Charlie Neibergall / AP

One night seven years ago, Jill June was watching a TV news report about the emerging field of telemedicine. At the time, June was president of Planned Parenthood of the Heartland, as the branch overseeing Iowa, Nebraska, Arkansas, and Eastern Oklahoma is known. She thought: If the internet could widen access to primary care doctors or mental health therapists in places like Alaska, why couldn't it facilitate abortions in Iowa? The state has the 43rd lowest doctor-to-resident ratio in the nation, and the law only permits a licensed physician to provide abortion pills.
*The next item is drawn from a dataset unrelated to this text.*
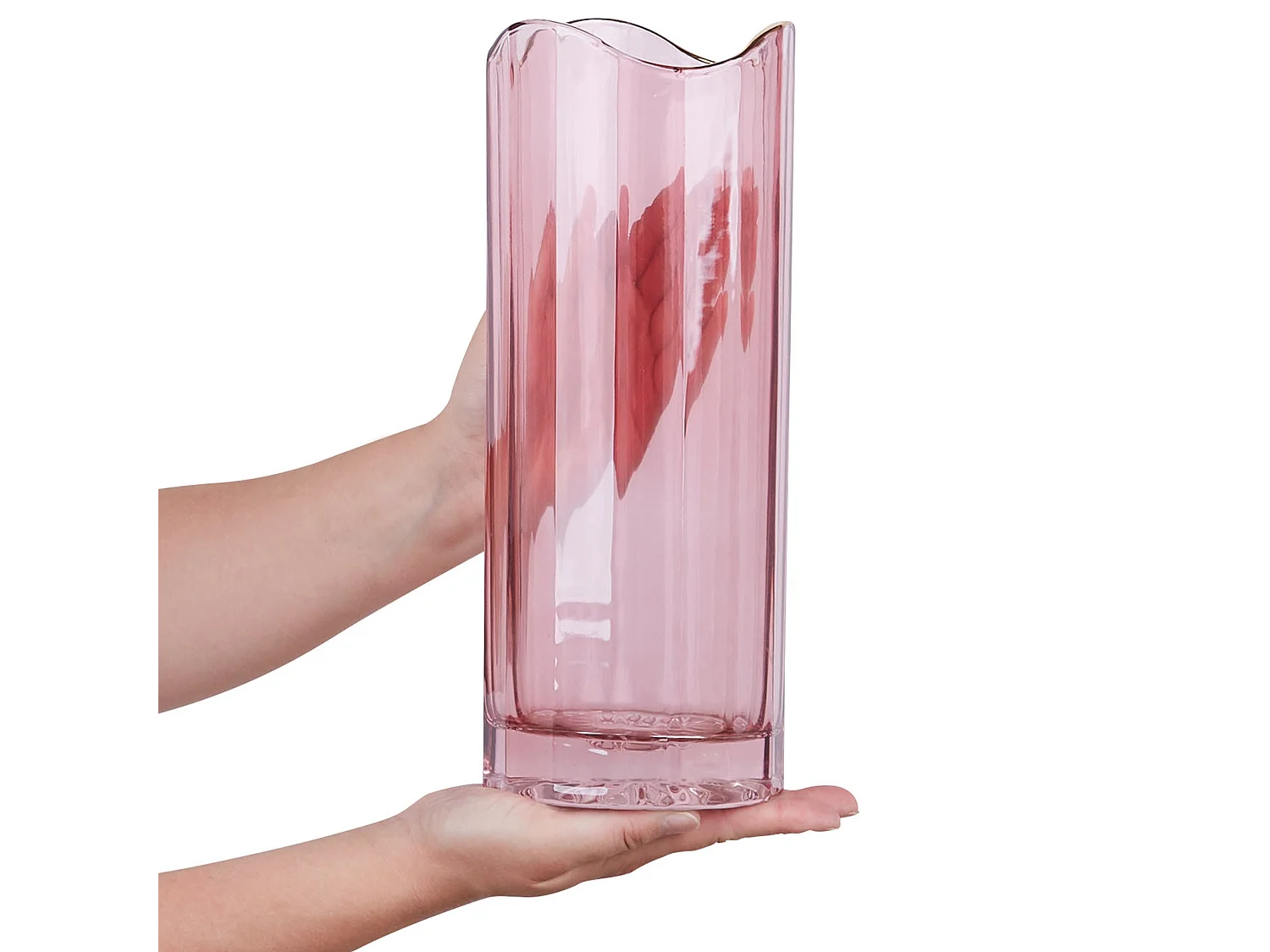 Jarro de flores PERDIKI Vidro 30 cm Rosa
Medical abortions can be carried out with different medications, each requiring specific dosages, but the most common regimen consists of the tablets mifepristone, which causes the uterus's lining to break down by blocking a key pregnancy hormone, and misoprostol, which expels the embryo from the body. From 2000 to 2011, more than 1.5 million U.S. women underwent medical abortions; they now account for about one-fifth of all abortions.

In the model that now exists at seven out of 13 Planned Parenthood clinics in Iowa, patients first undergo an ultrasound and exam in person with a nurse, nurse practitioner, medical assistant, or trained educator. The clinician sits in the room as the patient talks to a doctor elsewhere through a two-way videoconferencing program that's similar to Skype, but secure and designed for health care. Then the patient takes the mifepristone, pockets the misoprostol, and arranges to return in two weeks to ensure the pills worked, Planned Parenthood says. She is given a 24-hour help line to call in the meantime.

"It means those women don't have to travel 250 miles into Des Moines, take four days off work, maybe find child care, maybe find transportation if they don't have it," Angie Remington, a spokesperson for Planned Parenthood of the Heartland, told BuzzFeed News. "This is a way to make it so they don't have as many barriers."

And it gives women access to abortions earlier, according to a 2013 study in the American Journal of Public Health. Researchers at Ibis Reproductive Health, a research group that supports abortion rights, studied abortions in the two years before and after Iowa's program began. After the introduction of telemedicine, more women in rural areas got abortions before the second trimester — a procedure that is less risky and costly than late-term abortions, the authors wrote.

Critics, however, say the program leaves patients vulnerable. The Iowa medical board says only doctors are qualified to perform the ultrasounds and examinations necessary to to evaluate someone for an abortion, and it argues those tasks can only be properly done in person. "This physician-patient relationship is fundamental to the provision of a safe medical abortion," the board wrote in announcing the rule.

In 2010, the Iowa medical board found Planned Parenthood's program to be safe. But after Gov. Terry Branstad, a Republican with a pro-life policy track record, took office a year later, he appointed new members as their terms expired.

In 2013, the all-new board adopted a rule that doctors must physically examine patients before prescribing the abortion pills — a requirement that effectively blocks telemedical abortions. After a district court upheld the rule, Planned Parenthood argued the decision before the Iowa Supreme Court in March.

Outside Iowa, telemedical abortions seem to have only caught on so far at a Planned Parenthood in Rochester, Minnesota, where 250 women have gone through the procedure in the last four years, according to spokesperson Jennifer Aulwes. But many more states — 18 as of June 1, not including Iowa — have preemptively blocked the practice since 2011, according to the Guttmacher Institute. Laws in two of those states, Arkansas and Idaho, will take effect later this year.

If the Iowa Supreme Court sides with the medical board, it could inspire more to follow.

"This attack on medication abortion is the result of conservative legislators' efforts to restrict access to abortion," said Nash of the Guttmacher Institute, ticking off other examples: waiting periods, counseling requirements, reduced abortion coverage in health plans. "As these restrictions pile up, it becomes harder and harder for women to access services and for providers to perform abortions."